# ??? Septic tank for camper ???



## Todd Coleman

I realize this isn't a hunting question, but didn't know where else to post it. I need to put in a septic system for a hunting camper and was going to use a 55gal plastic drum. Anyone have any hints or advise.
Thanks,
Todd


----------



## Jim Ammons

http://forum.gon.com/showthread.php?t=29175&highlight=septic


----------



## Nugefan

make sure you have a layer of gravel under the drum so it can drain into the soil....

was in a club before that is what we used and they worked fine ....

Good luck ....


----------



## 7Mag Hunter

*Septic tank for camper*

Yep, we have 3 campers in our club that use them...
One of the campers has had it for over 20 years....
Dig hole where you can put at least 1 foot of gravel on all
sides, even the top, put 6" threaded PVC pipe on top, and
cover with dirt....We drop in "deodorizing" bags occasionally 
when we notice extreme downwind scents
when cap is removed...


----------



## jqcargle

7Mag Hunter
don't you punch holes all in the barrel?


----------



## SouthPaw Draw

What about field lines? Is the area under the barrel enough for drainage?


----------



## Guy

Run the line out from tha camper at least 5 yards.  Dig a huge hole and put a layer of gravel down, then poke holes in the 55 Gal. drum on the lower half of the drum if it is laying down (usually the best way).  then fill the rest of the hole with gravel 3/4 the way up, then add dirt until top.  

I did mine this way and it worked fine.


----------



## DYI hunting

I don't know if this is something I would discuss on a open thread on the internet for anyone to read.  It is illegal to install a 55 gallon drum as a septic system.  I would not do it.

I was a Enviromental Compliance Officer back in the day and I can tell you the EPA will burn you if they catch wind.  Fines can range from $2000 and 180 days in jail.  Depending on the situation, it can also be considered a felony.


----------



## jqcargle

what would be the difference with just having an outhouse? Is it the fact that there is not a constant supply of water being added at the time of use, thus getting to the water table. Just wondering, I guess it isn't illegal to have an outhouse is it?


----------



## How2fish

All the campers in my club use 55 gallons drums...well the ones with working water systems....


----------



## 7Mag Hunter

*Septic Tank*

OOPS, yep, forgot to add you have to put holes in the drum
...I think most guys used 1" hole saw...Just make holes in
the barrel smaller than the gravel you use....

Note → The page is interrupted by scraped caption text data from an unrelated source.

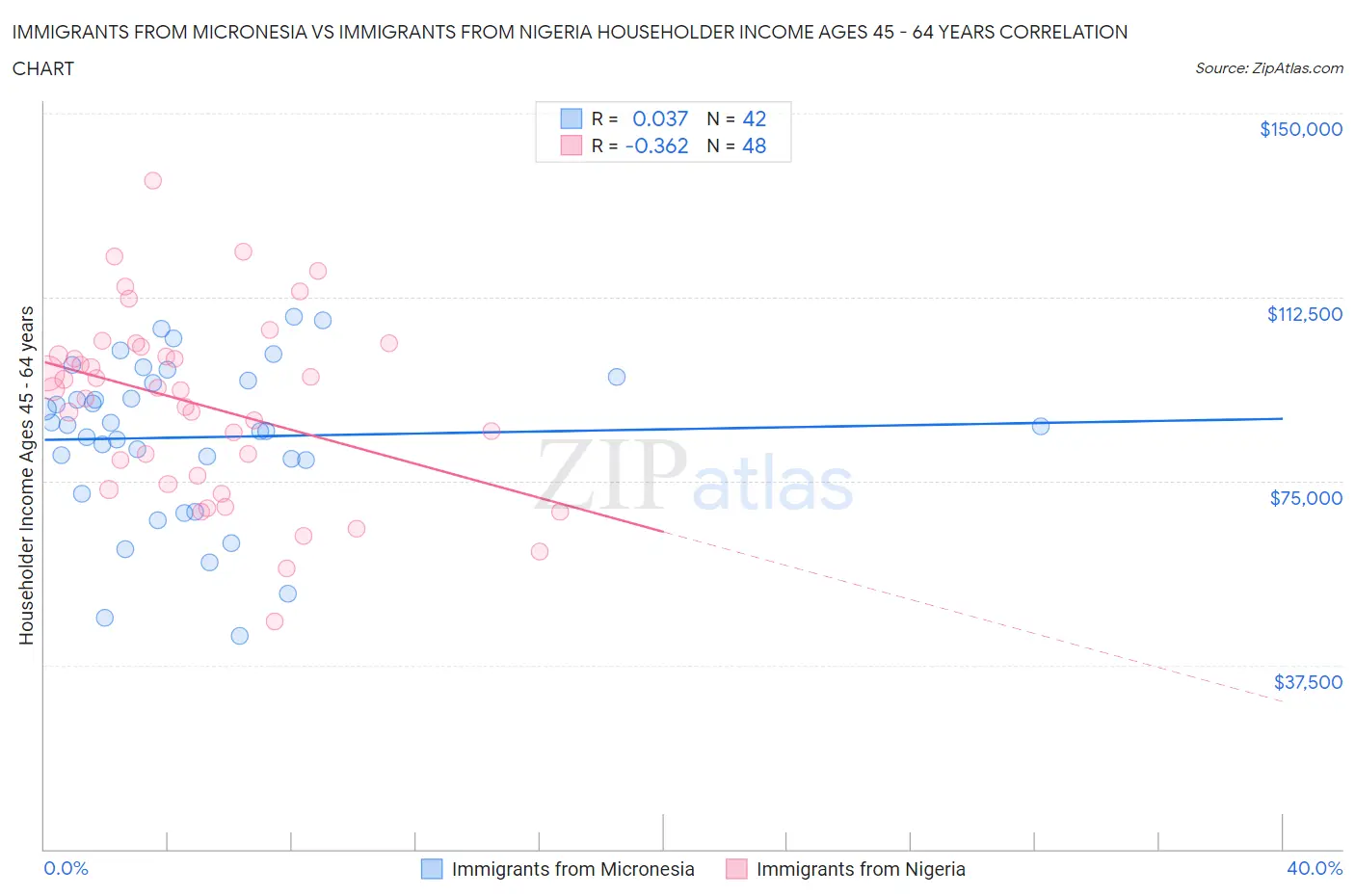 Immigrants from Micronesia vs Immigrants from Nigeria Householder Income Ages 45 - 64 years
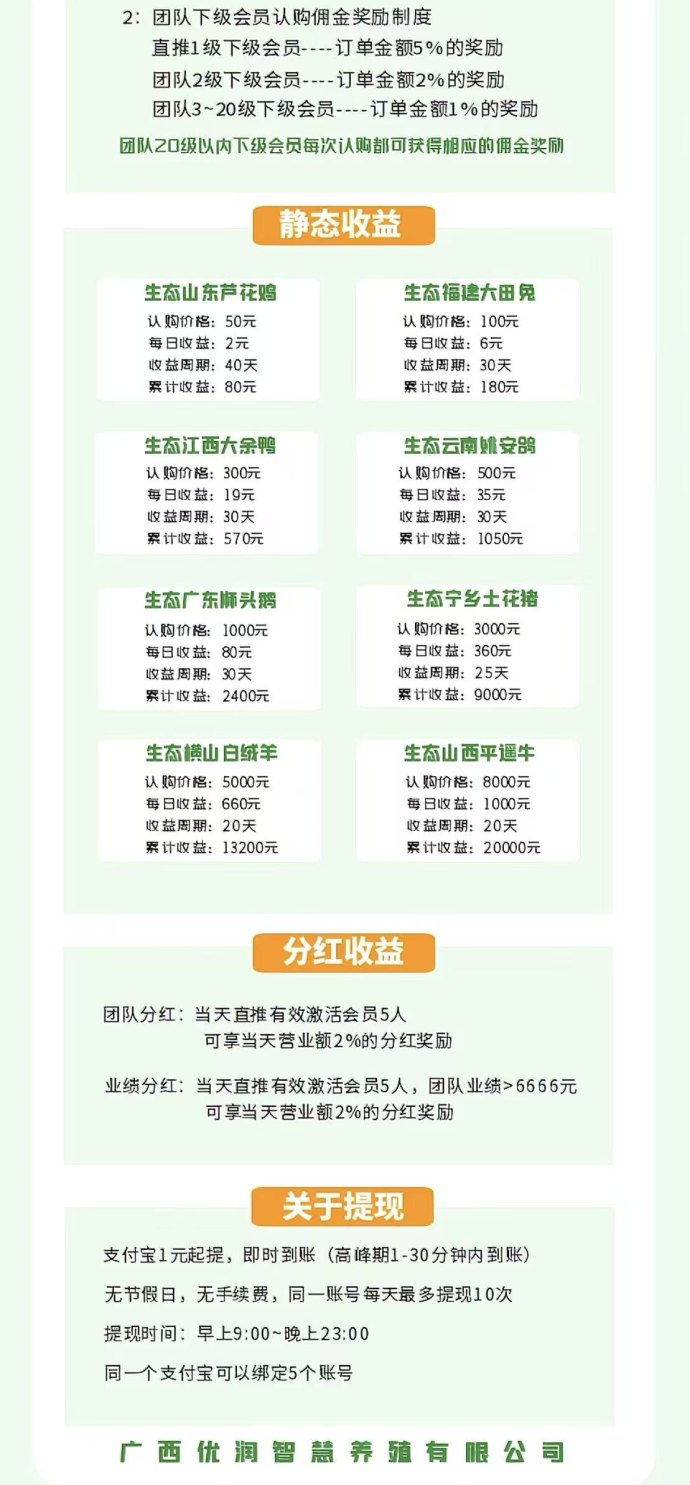 智慧牧场全新上线:注测送888体验生态养殖,激活后每日稳收1圆! 智慧牧场全新上线:注测送888体验生态养殖,激活后每日稳收1圆!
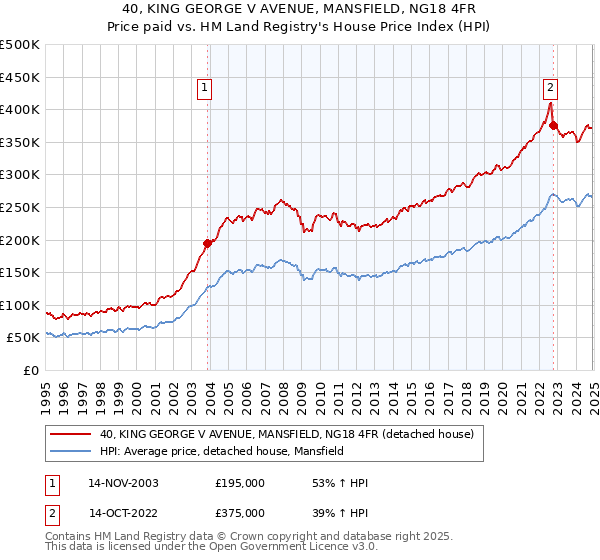 40, KING GEORGE V AVENUE, MANSFIELD, NG18 4FR: Price paid vs HM Land Registry's House Price Index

None of ours have drain lines, and remain almost dry
as they only get used periodically...


----------



## SouthPaw Draw

BanksJeepr said:
			
		

> I don't know if this is something I would discuss on a open thread on the internet for anyone to read.  It is illegal to install a 55 gallon drum as a septic system.  I would not do it.
> 
> I was a Enviromental Compliance Officer back in the day and I can tell you the EPA will burn you if they catch wind.  Fines can range from $2000 and 180 days in jail.  Depending on the situation, it can also be considered a felony.

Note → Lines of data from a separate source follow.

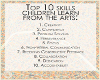 MTD Ten Skills 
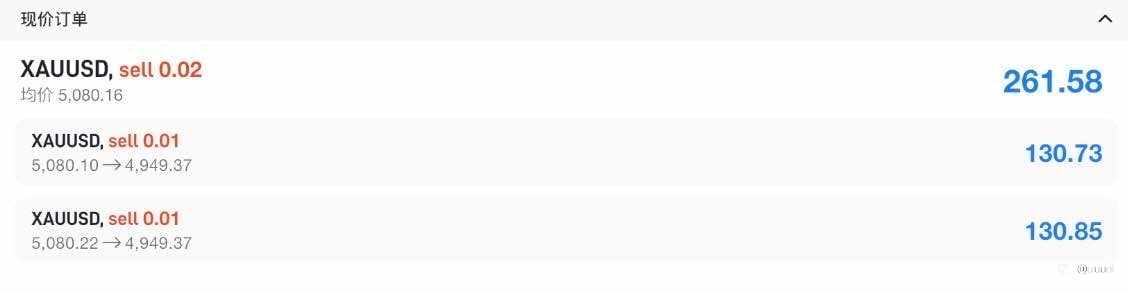重拾信心第一天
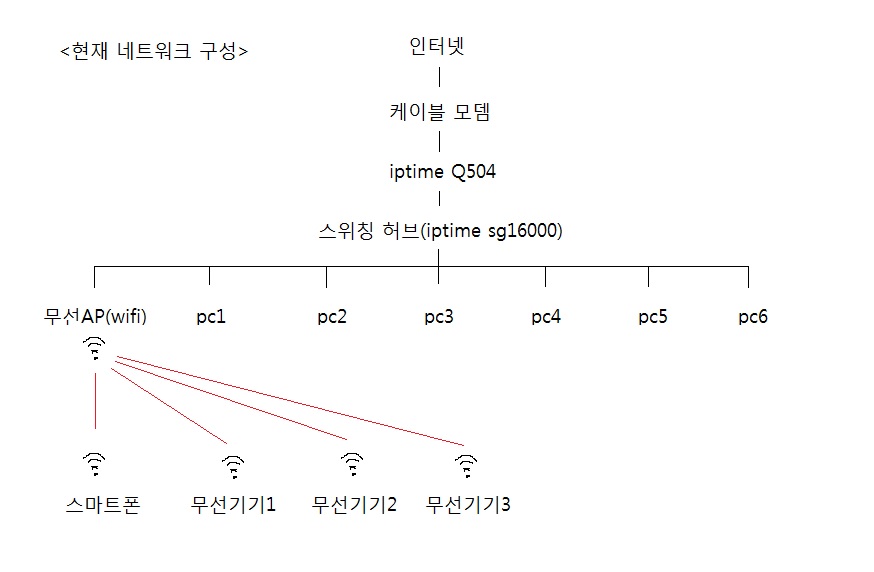 네트워크1.jpg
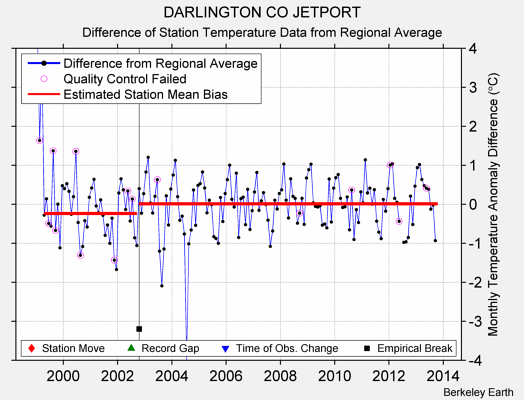 DARLINGTON CO JETPORT difference from regional expectation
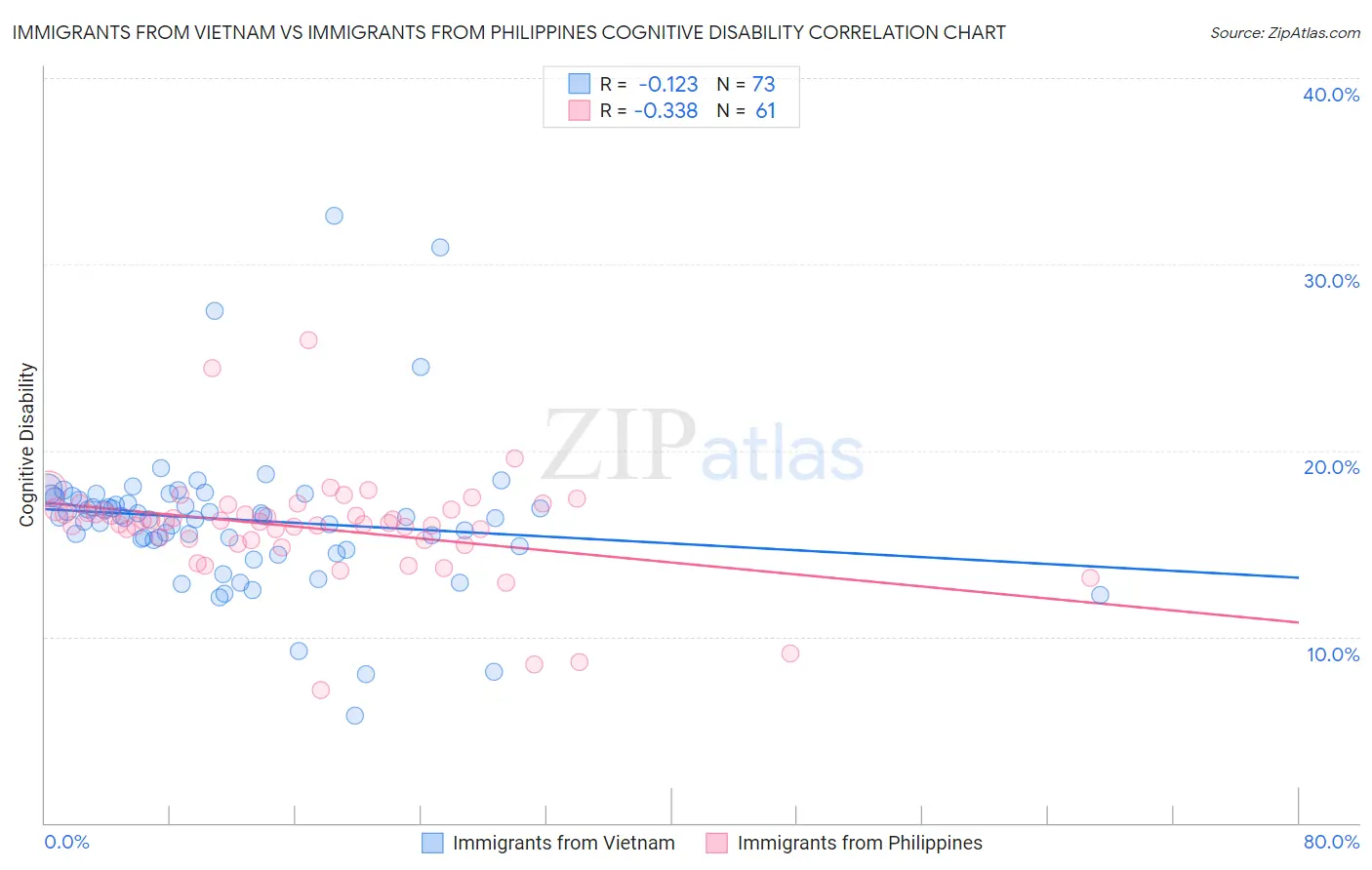 Immigrants from Vietnam vs Immigrants from Philippines Cognitive Disability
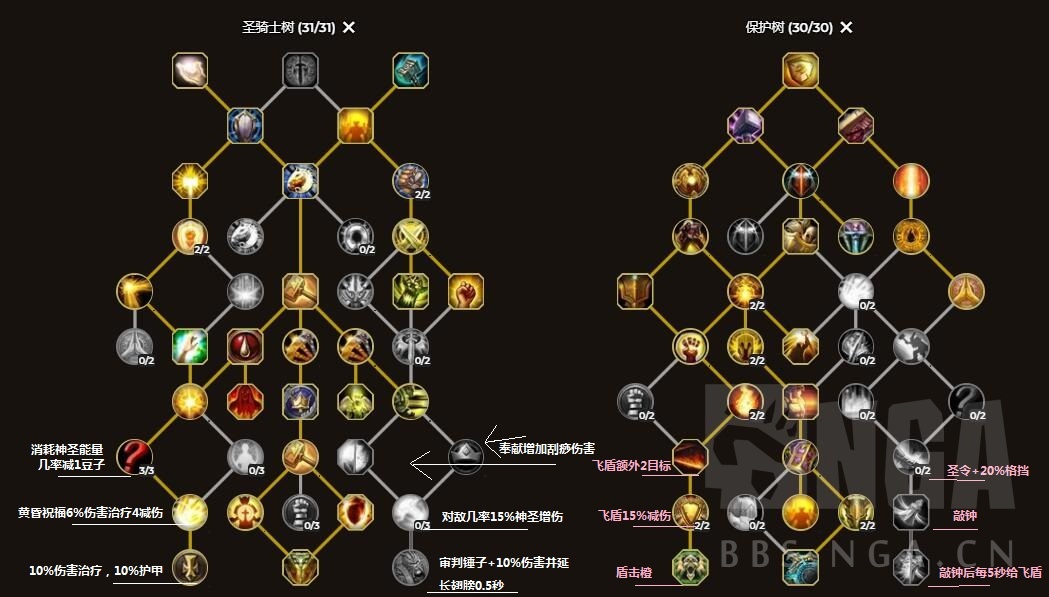 魔兽世界10.0圣骑士种族加点推荐 圣骑士种族天赋加点攻略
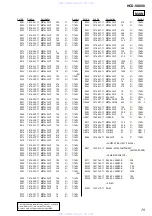 Preview for 75 page of Sony hcd-vx888 Service Manual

I've never heard of an enforcement officer going into hunting camps looking for enviromental violators. I'm thinking these people are a little busy to worry about that.


----------



## Todd Coleman

Thanks for all the help.


----------



## DYI hunting

A properly consturcted outhouse may be legal.  I would call before constructing any septic system or outhouse that was not on my land.  I wouldn't be willing to do that on someones property without premission.  For me it's the "do unto others" thing.

SouthPaw, you are right they are too busy.  But if the landowner or logging company finds out and doesn't like it, it is possible they will report it.  Or there is the possibility of the disgruntled club member out or ex-club member to get you.  If it is reported, EPA or the county will come and check it out.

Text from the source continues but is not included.